Sempre in Friuli, come anche nelle vallate delle Alpi lombarde, si crede che i morti vadano in pellegrinaggio a certi santuari o in certe chiese lontane dall’abitato, e chi vi entrasse in quella notte le vedrebbe affollate da una moltitudine di gente che non vive più e che scomparirà al canto del gallo o al levar della “bella stella”. 

In questo frangente temporale non vagavano solo le anime dei defunti, ma anche presenze più temibili come demoni e streghe. E’ d’uso in molti luoghi d’Italia, infatti, accendere i falò di Ognissanti, fuochi rituali che illuminano la strada ai morti ma che distruggono le potenze demoniache.

Un esempio ancora oggi perpetuato è il “Fucacoste e cocce priatrorje” di Orsara di Puglia, che va dalla sera del 1° novembre all’alba del giorno seguente. Nei giorni che precedono la ricorrenza, vengono preparate le “cocce priatorije”, zucche con sembianze umane; viene accatastato il legname necessario al falò e si preparano vino, pane, patate, dolci tipici e altri ingredienti per le pietanze che saranno consumati nella notte del 1° novembre, quando in ogni stradina della città si terrà  un banchetto a base di piatti “poveri” ma gustosi e in tutto il paese saranno esposte centinaia di zucche lavorate in modo creativo e illuminate al loro interno, mentre verranno nel frattempo accesi i falò di rami di ginestre in onore ai defunti.
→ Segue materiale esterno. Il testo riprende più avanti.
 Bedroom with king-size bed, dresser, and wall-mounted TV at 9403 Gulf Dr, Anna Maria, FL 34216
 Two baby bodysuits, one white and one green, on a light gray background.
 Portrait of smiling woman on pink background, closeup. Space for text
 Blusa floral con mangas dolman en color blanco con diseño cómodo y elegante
Anche qui gli avanzi vengono riservati ai morti, lasciandoli disposti agli angoli delle strade.

Per finire, parlando di morti, non si può omettere l’esperienza del lutto.

Nel Sud è infatti usanza, quando muore un proprio caro, coprire tutti gli specchi della casa, in modo da evitare che lo spirito, nel fissare la propria immagine, rimanga imprigionato nell’oggetto riflettente.
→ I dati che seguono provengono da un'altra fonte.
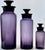 Graduated set of three mid-century Italian amethyst glass apothecary bottles, likely Empoli, circa 1960s. Rich, saturated...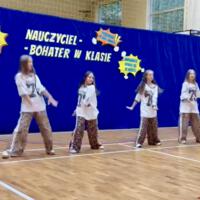 Dziewczynki biorące udział w akademii wykonują układ choreograficzny do nowoczesnej muzyki. Ubrane są w luźne stroje.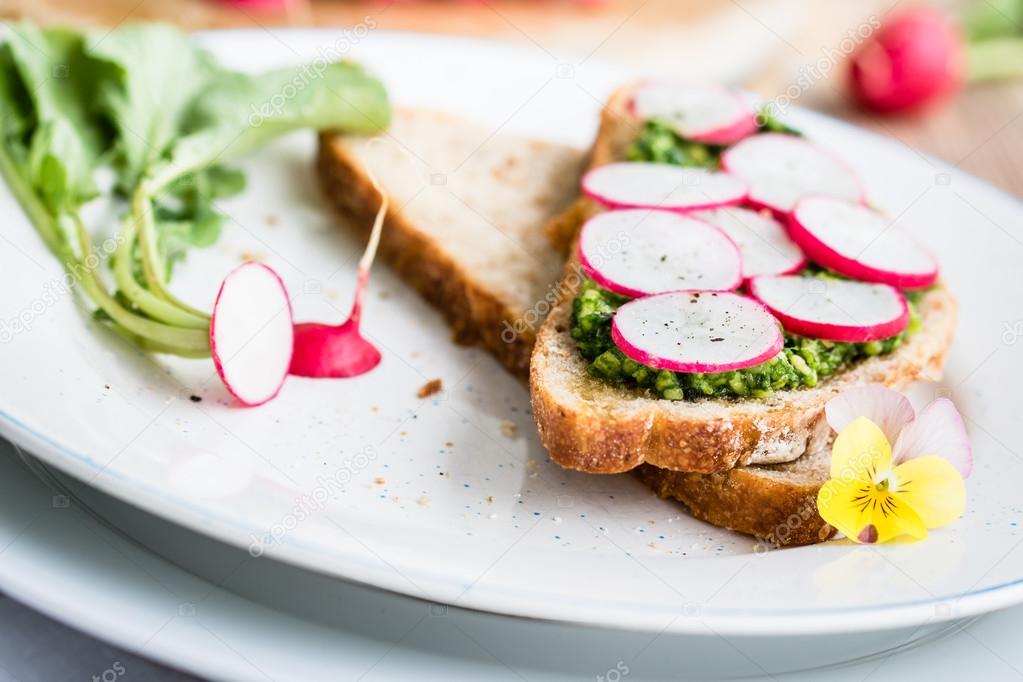 Vegan sandwich with radish rings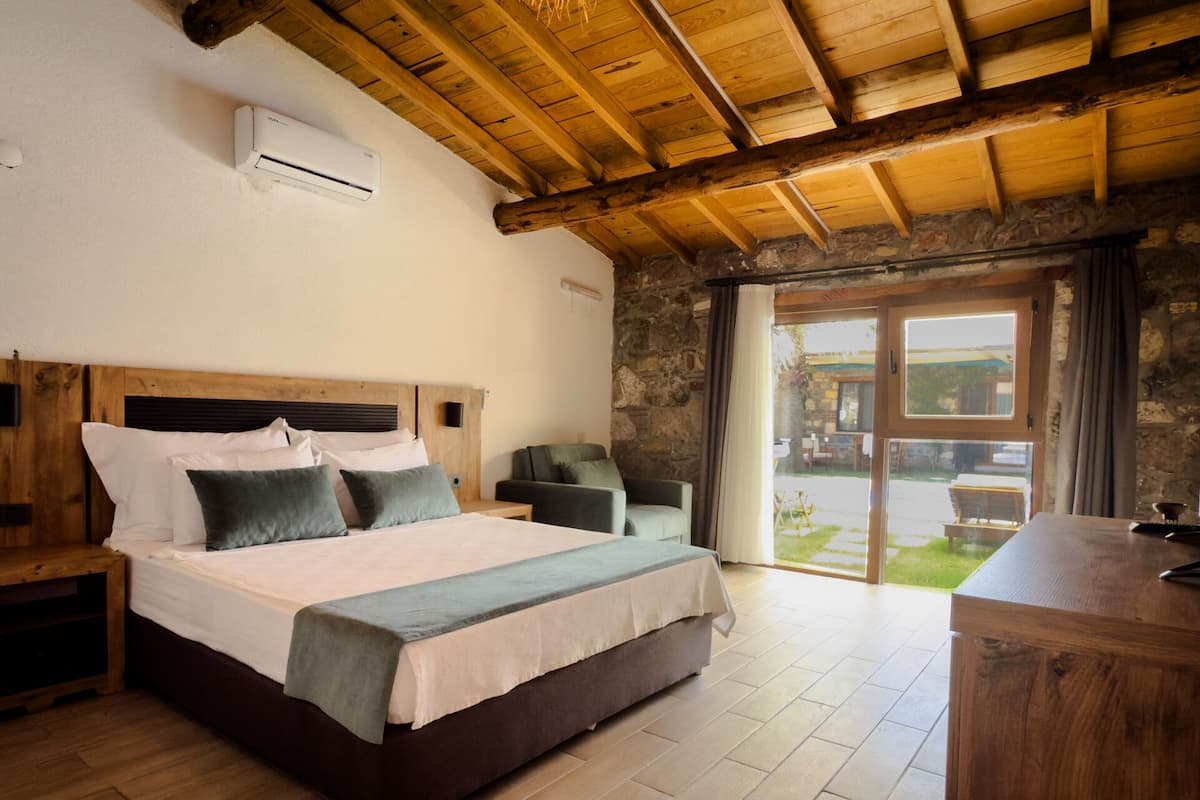 Une chambre avec un lit en bois, une table de chevet, une chaise et une vue sur l’extérieur grâce à une porte vitrée.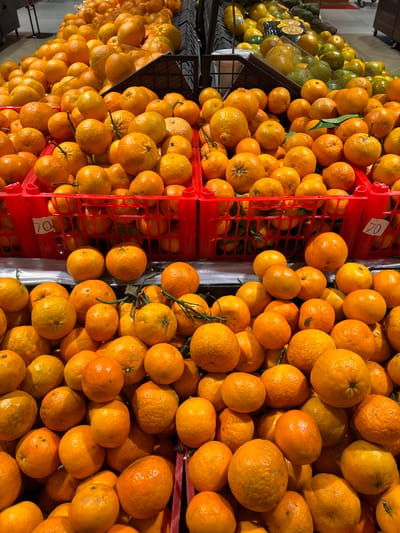 This image captures a vibrant, close-up view of a large display of fresh oranges, likely in a supermarket or fruit market in Kelapa Dua, Indonesia. The scene is dominated by piles of round, orange-colored citrus fruits, many of which still have small green stems or leaves attached, suggesting their freshness.

The oranges are primarily displayed in red plastic crates, stacked or arranged to showcase the abundance of the produce. In the background to the left, another section of the display holds green fruits, possibly limes, lemons, or green mandarins, indicating a variety of fresh produce available. The lighting appears to be artificial overhead light, common in indoor retail settings.

A white price tag or label with the number "70" is visible on one of the red crates, potentially indicating a price per unit (e.g., per kilogram or per item) or a product code. The perspective is a slightly downward-looking shot, emphasizing the sheer quantity and natural texture of the fruits. The overall impression is one of a well-stocked and inviting fresh produce section, highlighting the rich color and quality of the citrus fruits. No people are visible in the frame.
Fino a pochi anni fa, in molte regioni meridionali, non era inoltre raro, in queste situazioni, assoldare delle “prefiche”, ovvero delle donne che, vestite con abiti scuri e coperte in viso con un velo nero, si recavano presso la dimora in cui giaceva il defunto e avevano il compito di compiangerlo e decantarne le virtù, spesso arrivando a grida e lamenti molto più forti di quelli degli stessi parenti del morto. Questo “pianto rituale” aveva origini pre-cristiane, si riscontra infatti nelle civiltà greca e romana, e proprio dai romani deriva il loro nome, “prefica” viene infatti dal latino “praeficere”, ovvero “stare a capo, guidare”, da intendersi, in questo contesto, come guidare il pianto.